THE PROBLEM: Your copy should repeat each record exactly and contain none of the pictures.

STORED DATA:
╭──
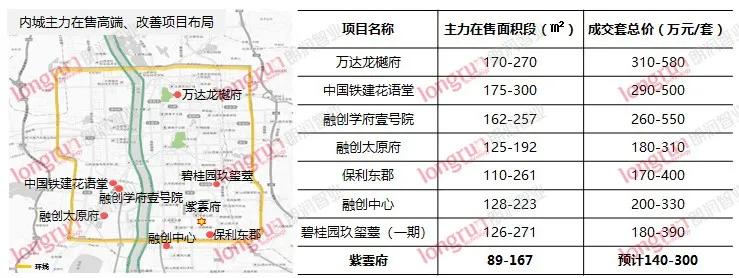 太原华润首开.紫雲府测评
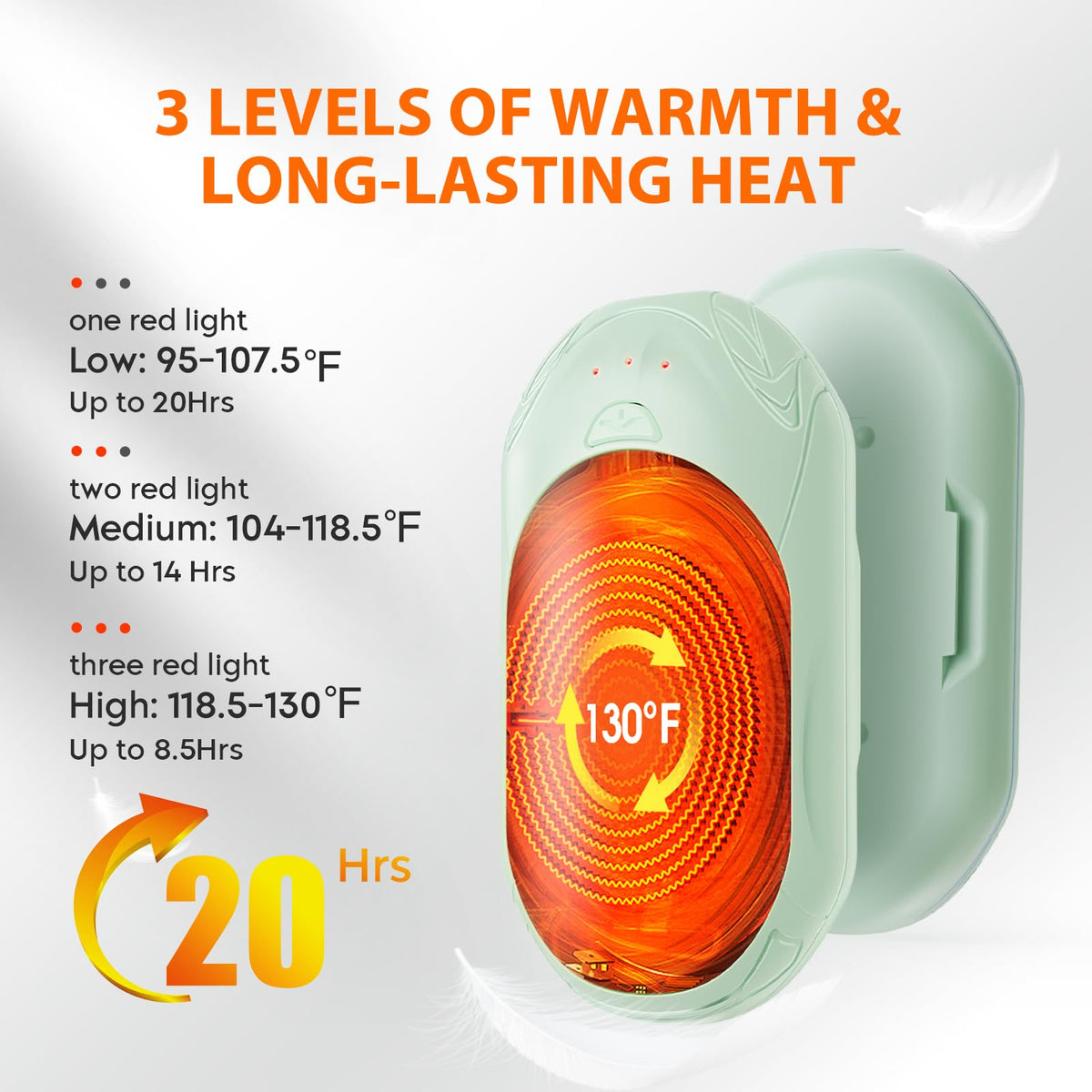 AI Hand Warmers Rechargeable 2 Pack, AI Smart Chips Electric Hand Warmers, 20Hrs Long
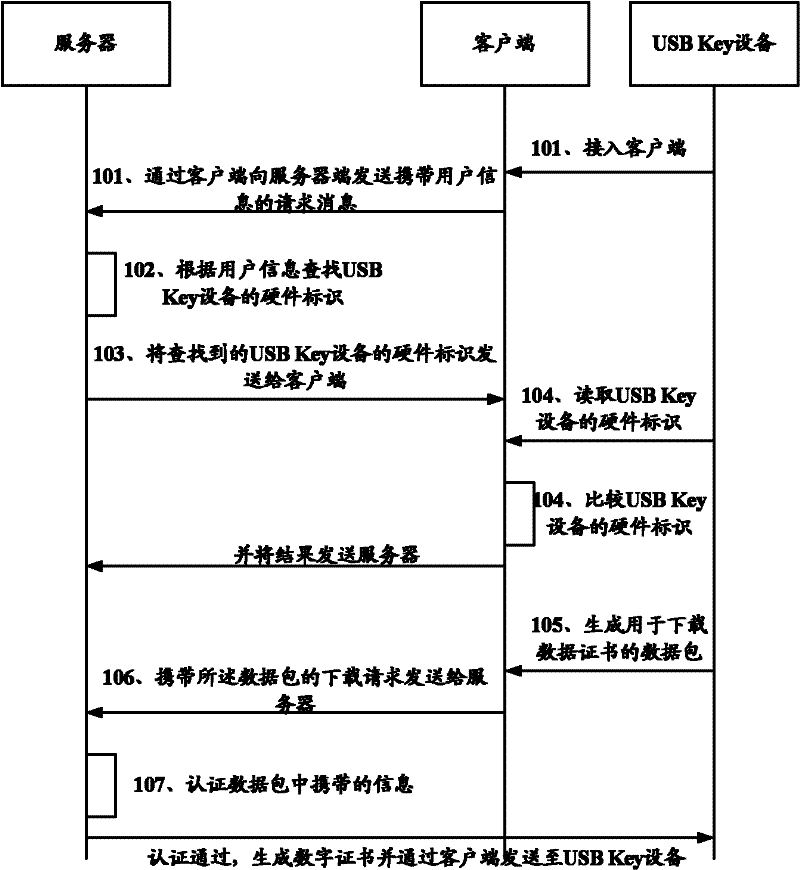 Digital certificate authentication method, system, usb Key device and server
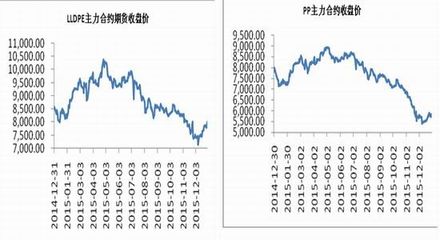 pp期货走势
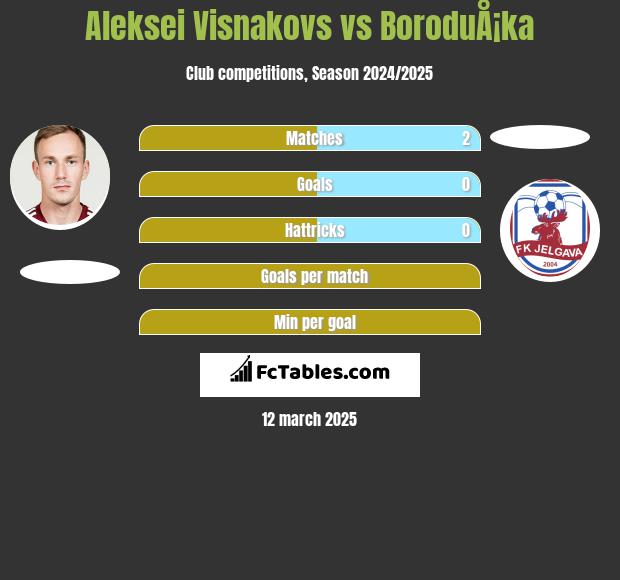 Aleksei Visnakovs vs BoroduÅ¡ka h2h player stats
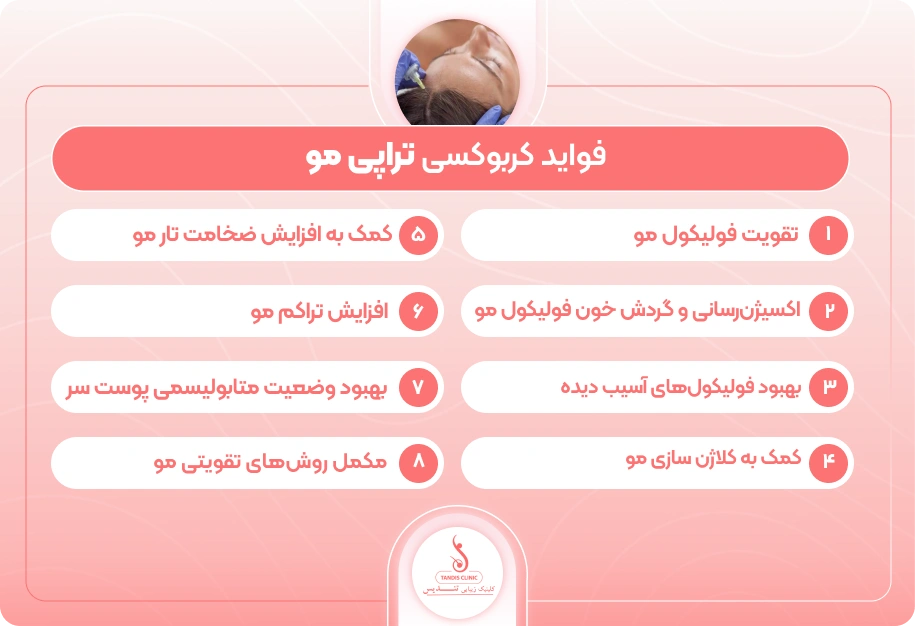 اینفوگرافی -فواید-کربوکسی تراپی-مو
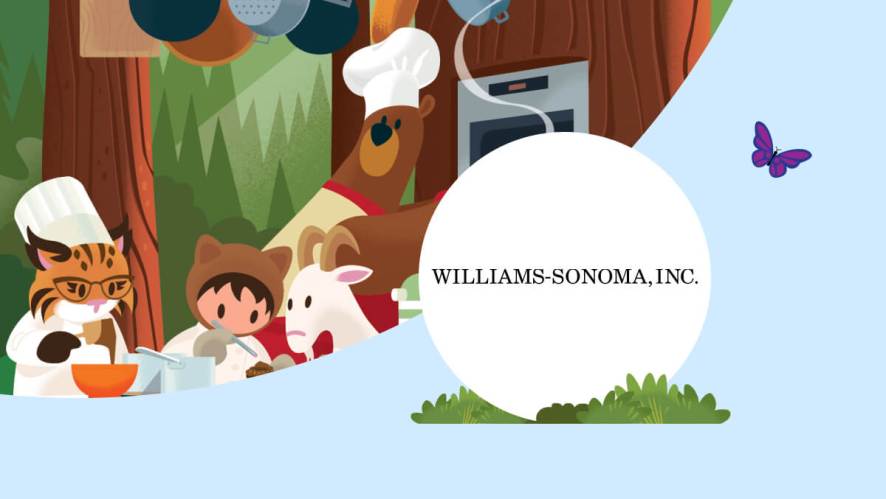 Salesforce characters cook in kitchen with Williams-Sonoma logo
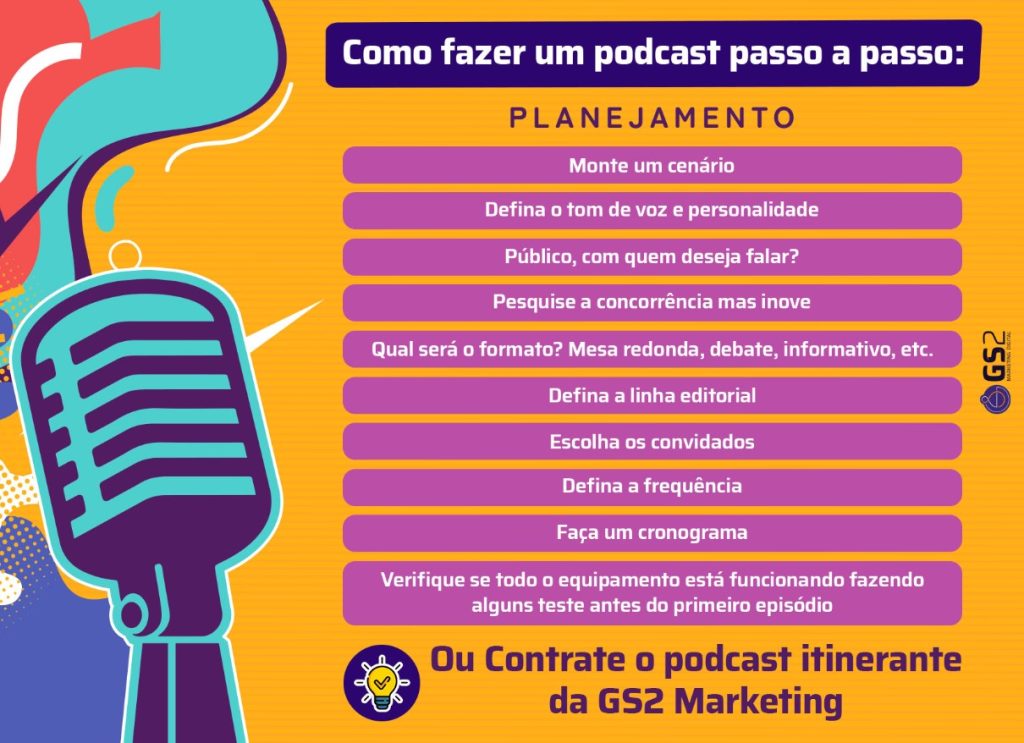 como fazer um podcast?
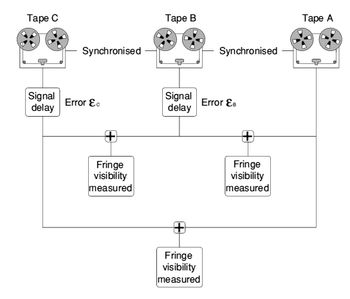 VLBI 배열의 각 망원경에서 데이터를 재생합니다. 서로 다른 망원경에서 데이터를 재생할 때 동기화에 각별한 주의를 기울여야 합니다. 데이터와 함께 기록된 원자 시계 신호는 타이밍을 정확하게 하는 데 도움이 됩니다.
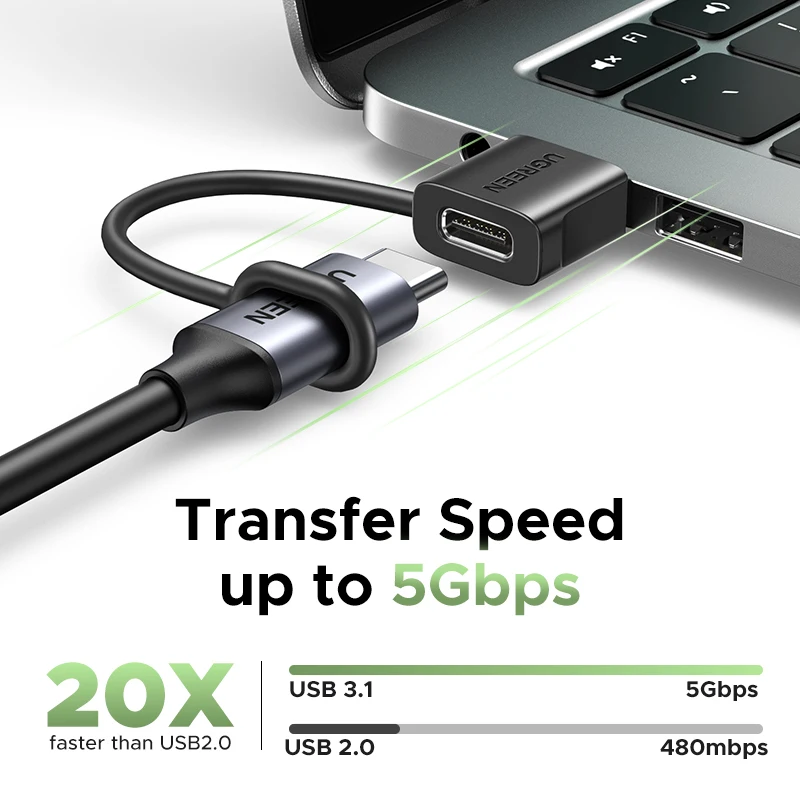 UGREEN USB A to Type C Adapter USB 3.1 Gen1 18W Fast Charging OTG Connector for Laptop Smartphone Tablet Data Transfer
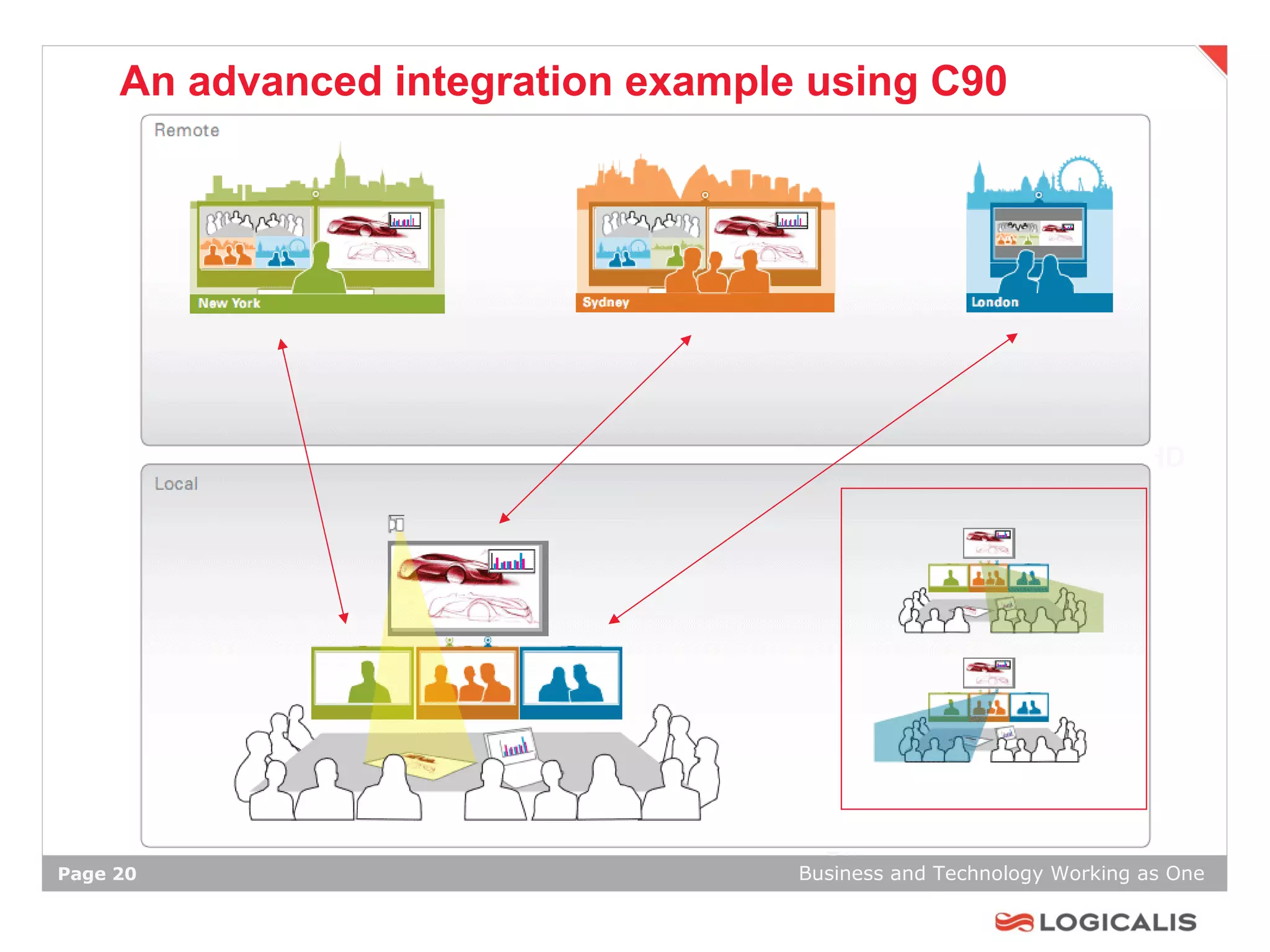 An advanced integration example using C90




                                      QCIF                          HD




                                      CIF
Page 20                             Business and Technology Working as One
╰──
ANSWER FOR THE TASK:
 太原华润首开.紫雲府测评
 AI Hand Warmers Rechargeable 2 Pack, AI Smart Chips Electric Hand Warmers, 20Hrs Long
 Digital certificate authentication method, system, usb Key device and server
 pp期货走势
 Aleksei Visnakovs vs BoroduÅ¡ka h2h player stats
 اینفوگرافی -فواید-کربوکسی تراپی-مو
 Salesforce characters cook in kitchen with Williams-Sonoma logo
 como fazer um podcast?
 VLBI 배열의 각 망원경에서 데이터를 재생합니다. 서로 다른 망원경에서 데이터를 재생할 때 동기화에 각별한 주의를 기울여야 합니다. 데이터와 함께 기록된 원자 시계 신호는 타이밍을 정확하게 하는 데 도움이 됩니다.
 UGREEN USB A to Type C Adapter USB 3.1 Gen1 18W Fast Charging OTG Connector for Laptop Smartphone Tablet Data Transfer
 An advanced integration example using C90




                                      QCIF                          HD




                                      CIF
Page 20                             Business and Technology Working as One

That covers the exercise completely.